Many problems in linear algebra -- such as those arising from non-Hermitian physics and differential equations -- can be solved on a quantum computer by processing eigenvalues of the non-normal input matrices. However, the existing Quantum Singular Value Transformation (QSVT) framework is ill-suited to this task, as eigenvalues and singular values are different in general. We present a Quantum EigenValue Transformation (QEVT) framework for applying arbitrary polynomial transformations on eigenvalues of block-encoded non-normal operators, and a related Quantum EigenValue Estimation (QEVE) algorithm for operators with real spectra. QEVT has query complexity to the block encoding nearly recovering that of the QSVT for a Hermitian input, and QEVE achieves the Heisenberg-limited scaling for diagonalizable input matrices. As applications, we develop a linear differential equation solver with strictly linear time query complexity for average-case diagonalizable operators, as well as a ground state preparation algorithm that upgrades previous nearly optimal results for Hermitian Hamiltonians to diagonalizable matrices with real spectra.

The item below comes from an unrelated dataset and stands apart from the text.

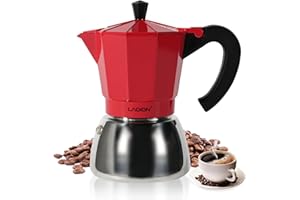 LAOION Stovetop Espresso Maker, 6Cup Moka Pot, Espresso Machine Compatible with Induction Cooktops, 300ml Stainless Steel & Aluminum Cuban Coffee Maker for Cafetera Cubana, Red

Underpinning our algorithms is an efficient method to prepare a quantum superposition of Faber polynomials, which generalize the nearly-best uniform approximation properties of Chebyshev polynomials to the complex plane. Of independent interest, we also develop techniques to generate $n$ Fourier coefficients with $\mathbf{O}(\mathrm{polylog}(n))$ gates compared to prior approaches with linear cost.

翻译：线性代数中的许多问题——例如由非厄米物理和微分方程所产生的问题——可以通过处理非正规输入矩阵的特征值在量子计算机上求解。然而，现有的量子奇异值变换（QSVT）框架并不适用于此任务，因为特征值和奇异值通常不同。我们提出了一种量子特征值变换（QEVT）框架，用于对块编码的非正规算子的特征值应用任意多项式变换，并针对具有实谱的算子设计了一种相关的量子特征值估计算法（QEVE）。QEVT对块编码的查询复杂度几乎恢复了对埃尔米特输入的QSVT复杂度，而QEVE对可对角化的输入矩阵实现了海森堡极限标度。作为应用，我们开发了一种线性微分方程求解器，它对平均情况下的可对角化算子具有严格线性时间的查询复杂度，并提出了一种基态制备算法，将先前对厄米哈密顿量的近乎最优结果推广到具有实谱的可对角化矩阵。支撑我们算法的一种高效方法是制备费伯多项式的量子叠加，该多项式将切比雪夫多项式的近乎最佳一致逼近性质推广到复平面。另外值得关注的是，我们还开发了以 $\mathbf{O}(\mathrm{polylog}(n))$ 个门生成 $n$ 个傅里叶系数的技术，而先前方法则需要线性成本。